Maine uyuşmazlığı başlı başına bir kıta sahanlığı sınırlandırması değildir. Kanada ve ABD’nin taraf olduğu uyuşmazlıkta kıta sahanlığı ve MEB sınırı olarak tek bir çizginin çizilmesi talep edilmiştir. UAD tarafların isteğine uygun olarak konuyu kıta sahanlığı ve MEB açısından ayrı ayrı ele almış ancak sonuçta 12 Ekim 1984 tarihli kararda tek sınır çizgisi belirlemiştir (Bkz Şekil 28) (Schneider 1985; 544-545).

Şekil 28. ABD ve Kanada Maine Körfezi Sınırlandırma Davası Kaynak: (Schneider 1985; 544).

Her iki Devlet de 1958 KSS’nin taraftırlar (Yani, 1958 KSS’nin 6’ncı maddesi kapsamında eşit uzaklık ilkesi ve özel şartları hükümlerine bağlıdırlar) ve Divan’a yaptıkları başvurularında gerek Kanada, gerek ABD sınırlamanın hakça ilkelere göre yapılmasını, hakça ilkeler kapsamında doğal uzanımın gözetilmesi hususunu talep etmişlerdir.

Ancak Divan, Kanada tarafından ileri sürülen sınırlandırmanın sadece eşit uzaklık ilkesine göre saptanması yolundaki iddiasını, sınırlandırmanın kıta sahanlığı

sınırlarının ötesinde ve kıta sahanlığı sınırları üzerindeki deniz kütlesine uygulanamayacağı gerekçesiyle reddetmiştir (Legault ve Hankey 1985; 979-988).

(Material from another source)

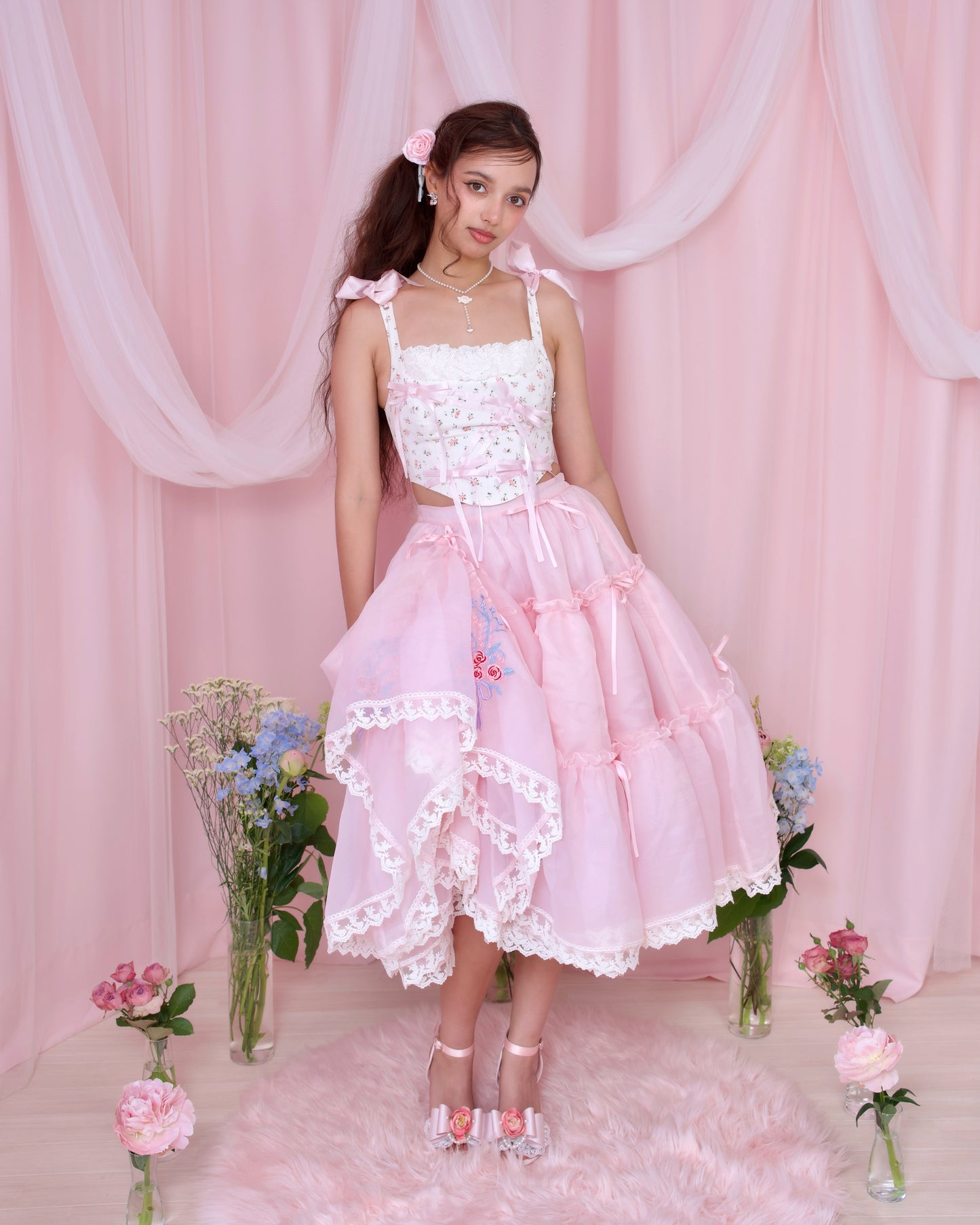 Princess Tier Cake Long Tulle Skirt - Pink // PREORDER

Divan, sadece 1958 KSS gereğince kıta sahanlığına hasredilen böyle bir uygulamanın (eşit uzaklık ilkesi) başka bir uygulamaya genişletilmesinin haklı gerekçelerinin bulunmadığını ifade etmiştir (Schneider 1985; 545).

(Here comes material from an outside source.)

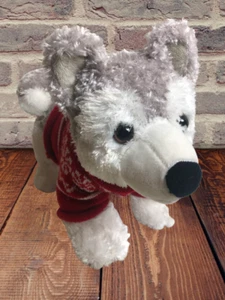 Animal Adventure Husky Dog Plush Red Snowflake Sweater 12 Inch - Picture 1 of 8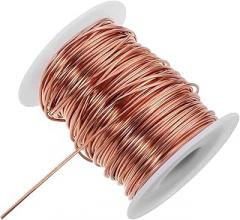 PRETYZOOM Soft Copper Wire 1.3mm for Jewelry Making and Bonsai Gardening, Bendable Bare Copper Wire Spool for DIY Crafting, Electronic and Plant Wiring Applications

Sınırlandırmayla ilgili temel normun hakkaniyet esasınca hakça ilkeler gözetilerek yapılmasında taraflar aynı yaklaşım içinde bulunmalarına rağmen, temel normdan çıkarılacak kurallar konusunda farklı yaklaşım sergilemişlerdir. Divan sınırlandırmayla ilgili olarak temel normun “Komşu devletler arasında deniz sınırları

tek taraflı olarak saptanamaz, sınırlandırma iyi niyetle ve sonuca varma gerçek iradesiyle sürdürülecek görüşmeler sonucunda anlaşmayla gerçekleştirilmelidir. Bölgenin coğrafi biçimi ve diğer ilgili koşullar çerçevesinde hakça ilkelere uygun kriterler uygulanarak pratik metotlar kullanılarak sınırlandırma yapılmalıdır” olduğunu

ifade etmiştir (Schneider 1985; 569).

Divan, Kanada’nın kıyı devletinin alanları üzerindeki haklarının kaynağını oluşturan coğrafi bitişiklik kavramı sonucunda eşit uzaklık ilkesine dayalı iddialarını reddetmiştir. Divan coğrafyanın hukuka değil, hukukun coğrafyaya hükmetmesi açısından bitişiklikten kaynaklanan bir hukukî hakkın olmadığını ifade etmiştir. Divan, bir devletin kıyılarına diğer bir devletten daha yakın alanlarda hak sahibi olmasının kendiliğinden ortaya çıkan bir husus olmadığını belirterek, eşit uzaklık prensibinin tıpkı 1969 Kuzey Denizi Davalarında olduğu gibi hakça ilkelere göre tespit edilmesi gerektiğini ifade etmiştir (Toluner 1996; 235).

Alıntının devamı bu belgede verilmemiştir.